The first races NHRA held its first official race in April 1953 on a slice of the Los Angeles County Fairgrounds parking lot in Pomona, Calif. NHRA and IHRA share some of these classes, but many are solely used by one sanctioning body or the other. NHRA cars can run no more than 8.
NHRA member tracks began adding JDRL programs, and dozens of builders began filling orders for Jr. NHRA national events are contested over a quarter-mile.
Dragsters are required to use the same basic five-horsepower Briggs & Stratton engine. The bottom line: dragsters are made to haul ***** off the line.
For any and all information you need on ¼ mile times, 0-60 times, drag racing, drag cars, and anything else you need to know about these machines, go to http://www.fastestfinishes.comArticle Source: https://EzineArticles.com/?expert=James_J_Clark
NHRA Then and Now
Well the first thing I did was watch more old races and compare them to the current NHRA races. As I was watching the older races I started to notice a few things (I focus on small details a lot).
In the 70s there were a lot of rivalries going on, especially in Funny Car, but in all of the classes as well.When reading about and watching the old races with the rivalries
I always wonder how come we haven't had a major Rivalry in the NHRA in the past several years. Sure we have had those minor "rivalries" between Tony Schumacher and Larry Dixon and the one between John Force and Tony Pedregon (not really sure if this one counts it was more of just a small feud) but this was nothing compared to the old rivalries!

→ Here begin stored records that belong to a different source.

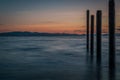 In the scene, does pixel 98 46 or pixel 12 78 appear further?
pixel 98 46

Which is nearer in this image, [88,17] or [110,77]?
[110,77]

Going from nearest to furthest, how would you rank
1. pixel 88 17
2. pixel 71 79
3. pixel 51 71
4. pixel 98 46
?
1. pixel 71 79
2. pixel 51 71
3. pixel 98 46
4. pixel 88 17

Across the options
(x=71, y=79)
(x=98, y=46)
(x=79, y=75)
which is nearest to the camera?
(x=71, y=79)

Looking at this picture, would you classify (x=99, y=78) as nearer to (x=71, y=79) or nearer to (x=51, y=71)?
(x=71, y=79)

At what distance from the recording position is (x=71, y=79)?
883cm

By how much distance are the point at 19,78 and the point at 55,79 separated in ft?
3.67

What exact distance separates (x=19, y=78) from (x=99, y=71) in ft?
9.93

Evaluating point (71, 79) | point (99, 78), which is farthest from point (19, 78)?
point (99, 78)

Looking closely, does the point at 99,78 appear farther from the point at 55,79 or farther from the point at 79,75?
the point at 55,79

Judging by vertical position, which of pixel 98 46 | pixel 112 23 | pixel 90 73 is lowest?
pixel 90 73

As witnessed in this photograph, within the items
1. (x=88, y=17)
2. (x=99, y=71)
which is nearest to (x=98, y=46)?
(x=99, y=71)

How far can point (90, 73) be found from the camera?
10.2m

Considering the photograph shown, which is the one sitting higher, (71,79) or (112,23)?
(112,23)

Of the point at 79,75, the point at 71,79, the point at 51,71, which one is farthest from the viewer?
the point at 51,71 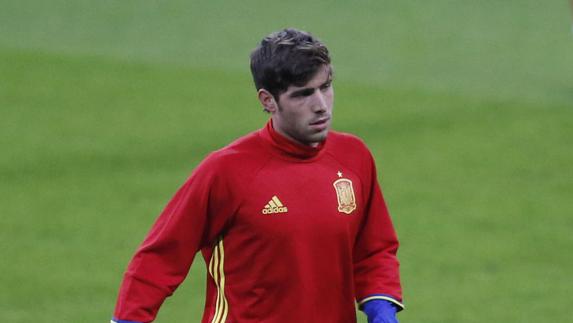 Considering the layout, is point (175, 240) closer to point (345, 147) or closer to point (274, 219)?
point (274, 219)

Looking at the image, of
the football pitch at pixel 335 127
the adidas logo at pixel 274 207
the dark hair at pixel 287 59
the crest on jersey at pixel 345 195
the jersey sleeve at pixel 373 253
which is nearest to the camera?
the dark hair at pixel 287 59

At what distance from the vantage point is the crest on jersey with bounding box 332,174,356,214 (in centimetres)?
544

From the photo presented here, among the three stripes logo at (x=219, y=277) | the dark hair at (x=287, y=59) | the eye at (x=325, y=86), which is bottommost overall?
the three stripes logo at (x=219, y=277)

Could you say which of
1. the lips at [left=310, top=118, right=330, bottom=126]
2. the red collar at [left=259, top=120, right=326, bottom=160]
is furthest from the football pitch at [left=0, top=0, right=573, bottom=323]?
the lips at [left=310, top=118, right=330, bottom=126]

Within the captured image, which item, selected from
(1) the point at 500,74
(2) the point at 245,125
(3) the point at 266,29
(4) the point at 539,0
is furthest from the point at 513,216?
(4) the point at 539,0

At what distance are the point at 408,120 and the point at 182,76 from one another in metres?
3.36

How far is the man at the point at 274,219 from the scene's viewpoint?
5.26m

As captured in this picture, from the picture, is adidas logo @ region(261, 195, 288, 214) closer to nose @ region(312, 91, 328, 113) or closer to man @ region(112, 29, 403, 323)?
man @ region(112, 29, 403, 323)

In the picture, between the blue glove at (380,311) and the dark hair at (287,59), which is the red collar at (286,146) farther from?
the blue glove at (380,311)

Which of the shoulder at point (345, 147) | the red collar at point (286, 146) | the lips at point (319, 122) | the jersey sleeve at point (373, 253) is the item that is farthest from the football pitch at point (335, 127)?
the lips at point (319, 122)

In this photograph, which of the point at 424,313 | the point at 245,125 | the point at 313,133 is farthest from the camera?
the point at 245,125

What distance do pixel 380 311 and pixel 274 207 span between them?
2.02 ft

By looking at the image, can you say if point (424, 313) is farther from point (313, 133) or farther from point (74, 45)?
point (74, 45)

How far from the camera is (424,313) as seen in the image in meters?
10.8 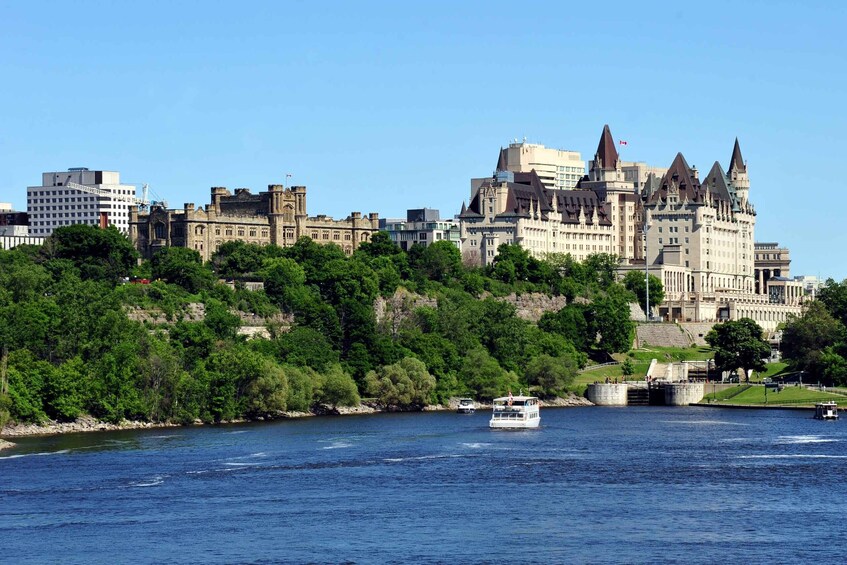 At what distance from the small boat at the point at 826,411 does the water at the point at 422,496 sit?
19144 millimetres

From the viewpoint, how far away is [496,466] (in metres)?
127

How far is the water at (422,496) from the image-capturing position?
91000 mm

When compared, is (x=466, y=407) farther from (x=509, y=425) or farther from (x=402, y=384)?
(x=509, y=425)

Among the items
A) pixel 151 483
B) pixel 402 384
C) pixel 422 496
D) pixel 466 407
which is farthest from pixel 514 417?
pixel 151 483

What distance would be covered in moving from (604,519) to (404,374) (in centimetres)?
8698

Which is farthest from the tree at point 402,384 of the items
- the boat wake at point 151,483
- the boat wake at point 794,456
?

In the old rivalries there was thrash talk, stage duels, crowd hype and the crowd taking sides of the rivalry. With Don Garlits and Shirley Muldowney hating each other (no seriously at one point they both openly hated each other), the sponsors also had better marketing by using the rivalries in there sales causing more hype and excitement.
With the Hot Wheels rivalry (use sponsored by Mattel Hot Wheels) between Tom McEwen and Don Prudhome there was not only the regular season races but match races as well.
The promoters would contact the local radio stations, and you would here Jan Gabriel's famous "Sunday! Sunday! Sunday!" promotion for the event. During the events the drag racers usually did a best 2 out of 3 elimination. There would also be a few jet powered cars, wheel standers (they would race each other on the rear 2 wheels all the way down the strip).
A show was put on during the drag races. Even during the burnouts and staging a show was put on, burnouts would be done half way down the track, staging would have dry hops till someone staged first. Overall the way the races were done was just better.
The commentators were actually into the races and had personality and excitement when they were commentating. It looked like there was a closer relationship between the drivers and there fans as well.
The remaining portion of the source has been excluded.